Hail Satan?
Disarmingly warm and humanistic, Penny Lane’s Hail Satan? challenges viewer perfections about modern satanists — or at least members of The Satanic Temple.
Without ever flat out stating it, the documentary shows that the controversial religious movement’s behavior is more Christian than that of the religious zealots who oppose its…well, not belief system — if they ever took the time to look beyond the label and learn it, that is— but name and paraphernalia.

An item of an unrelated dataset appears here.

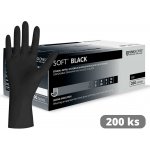 UNIGLOVES Soft Nitril Black 200 ks – Zboží Mobilmania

That limited stance is informed by the strict black and white, good vs. evil understanding the masses have been trained to associate with anything linked with satan in the smallest way, a history that Lane lays out through smartly edited montages of Satanic Panic archival footage and Eisenhower-era newsreels of God’s name being added to The Pledge of Allegiance, U.S. currency, and other previously secular corners of society.

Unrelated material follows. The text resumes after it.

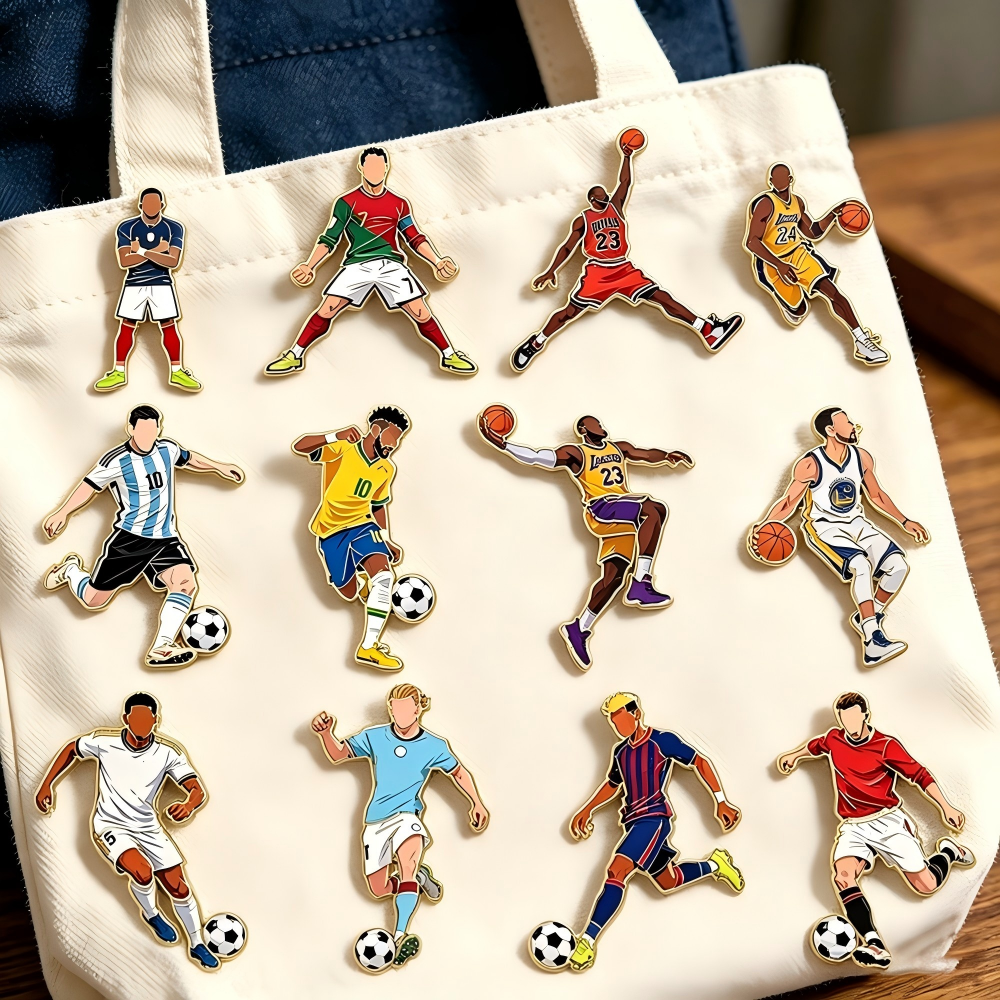 4/12pcs Sports Star Enamel Pin - Lapel Pin Enamel review and price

Through traditional yet highly professional talking head interviews and fly-on-the wall clips, she reveals these alleged devil-worshipers as social justice warriors and exposers of systematic hypocrisy, toying with the Christian right’s greatest fears to promote the decidedly non-religious tenets on which the U.S. was founded and which are becoming lost in an increasingly “Us vs. Them” culture.
The result is a cheeky, thoroughly entertaining and enlightening work with the power to unite unfairly fractured groups, and a film worth celebrating.